Where parsing is like taking the data and transforming it to a concrete form, that other functions can work with. If the data can not conform to this form, that's erroneous data. Once the data is transformed to this specific datatype, it's safe to assume that it will be correct since you have ended up describing it with concrete type and type checker can ensure that it will be properly treated by rest of the code.

Specifically in TypeScript case, one would define the acceptable format of data using interface. So a parser would be any function, that can take raw data (string, other possibly invalid structure) and returns object that fulfills an interface.

Sources of inspiration:

Adam Nathaniel Davis • Oct 2 '20

This is quite valid. And I've already noticed a few other comments referring to parsing. I myself have actually gone quite a ways down this road in some of my previous projects, and I think there's a definite time-and-place for this. But I don't think it's a use-everywhere kind of solution.

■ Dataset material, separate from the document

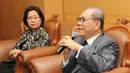 Ketua Komisi II DPR RI Rambe Kamarulzaman (kanan) dan peneliti senior LIPI Prof Dr Siti Zuhro dalam Dialog Pilar Negara bertema "Pemilu Serentak di Seluruh Indonesia" di Komplek Parlemen Senayan, Jakarta, Senin (13/4/2015). (Liutan6.com/Helmi Afandi)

In TS, you can do this by creating classes that will, essentially, validate the data. And if the data doesn't conform, it throws an error or populates some kind of error state. Then you force the function to require an instance of that class. This is useful - but it still runs into a few problems:

Like everything with TS, it's useless (nonexistent) at runtime.
Dealing with the object that holds our value can sometimes be more annoying than simply having direct access to that value.

Granted, these aren't "deal breakers". But they're something to think about when considering the "parse in TS" approach.

Valts Liepiņš • Oct 2 '20

I'm coming with this idea from Haskell, so I wanted to try expressing it in TypeScript.
This is what I ended up with:

As for runtime safety, it's really up to how well one uses type system to enforce valid system state. The main constraint here is how expressive the type system is. I can't personally comment on limits of TypeScript, but from my little codepen expriment, it seems to be pretty capable.

Kimmo Sääskilahti • Oct 2 '20 • Edited

Thanks for the great article! One thing that came to mind is that in the great Pragmatic Programmer book the authors say your code should always fail early. So if something unexpected happens, one shouldn't just accept it but raise an exception. So could your example of using allow be interpreted as following their "use asserts in production" advice, what do you think?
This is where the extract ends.